* _THE TASK_:
Starting at the first line of the data below, repeat each line word for word up to and including the line with "روکش سوکت شبکه 100 تایی".

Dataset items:
• • • •

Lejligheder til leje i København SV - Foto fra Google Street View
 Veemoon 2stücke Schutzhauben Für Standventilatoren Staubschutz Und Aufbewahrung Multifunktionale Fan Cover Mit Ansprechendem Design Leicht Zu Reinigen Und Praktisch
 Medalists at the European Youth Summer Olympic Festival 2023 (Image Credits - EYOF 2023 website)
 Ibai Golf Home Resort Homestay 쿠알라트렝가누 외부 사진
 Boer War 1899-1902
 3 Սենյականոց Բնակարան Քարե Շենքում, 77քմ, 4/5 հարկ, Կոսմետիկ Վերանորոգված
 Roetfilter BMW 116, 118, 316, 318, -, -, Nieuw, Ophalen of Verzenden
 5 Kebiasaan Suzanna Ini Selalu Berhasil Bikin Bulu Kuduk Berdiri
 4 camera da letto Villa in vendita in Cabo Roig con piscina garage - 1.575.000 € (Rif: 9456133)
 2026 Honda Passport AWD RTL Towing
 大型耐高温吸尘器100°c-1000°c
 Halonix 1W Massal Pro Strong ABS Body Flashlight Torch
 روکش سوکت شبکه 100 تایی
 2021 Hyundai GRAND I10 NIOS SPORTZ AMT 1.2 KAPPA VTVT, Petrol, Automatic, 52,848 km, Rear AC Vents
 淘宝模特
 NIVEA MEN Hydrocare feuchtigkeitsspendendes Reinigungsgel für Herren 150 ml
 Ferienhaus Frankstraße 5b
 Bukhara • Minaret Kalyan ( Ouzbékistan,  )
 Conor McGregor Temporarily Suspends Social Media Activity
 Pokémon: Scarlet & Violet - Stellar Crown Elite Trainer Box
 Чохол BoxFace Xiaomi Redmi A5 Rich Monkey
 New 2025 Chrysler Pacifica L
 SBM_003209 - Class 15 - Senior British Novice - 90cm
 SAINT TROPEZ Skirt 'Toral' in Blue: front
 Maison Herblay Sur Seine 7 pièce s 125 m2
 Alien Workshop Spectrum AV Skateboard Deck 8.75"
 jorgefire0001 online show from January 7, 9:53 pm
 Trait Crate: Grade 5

• • • •

* _TASK SOLUTION_:
Lejligheder til leje i København SV - Foto fra Google Street View
 Veemoon 2stücke Schutzhauben Für Standventilatoren Staubschutz Und Aufbewahrung Multifunktionale Fan Cover Mit Ansprechendem Design Leicht Zu Reinigen Und Praktisch
 Medalists at the European Youth Summer Olympic Festival 2023 (Image Credits - EYOF 2023 website)
 Ibai Golf Home Resort Homestay 쿠알라트렝가누 외부 사진
 Boer War 1899-1902
 3 Սենյականոց Բնակարան Քարե Շենքում, 77քմ, 4/5 հարկ, Կոսմետիկ Վերանորոգված
 Roetfilter BMW 116, 118, 316, 318, -, -, Nieuw, Ophalen of Verzenden
 5 Kebiasaan Suzanna Ini Selalu Berhasil Bikin Bulu Kuduk Berdiri
 4 camera da letto Villa in vendita in Cabo Roig con piscina garage - 1.575.000 € (Rif: 9456133)
 2026 Honda Passport AWD RTL Towing
 大型耐高温吸尘器100°c-1000°c
 Halonix 1W Massal Pro Strong ABS Body Flashlight Torch
 روکش سوکت شبکه 100 تایی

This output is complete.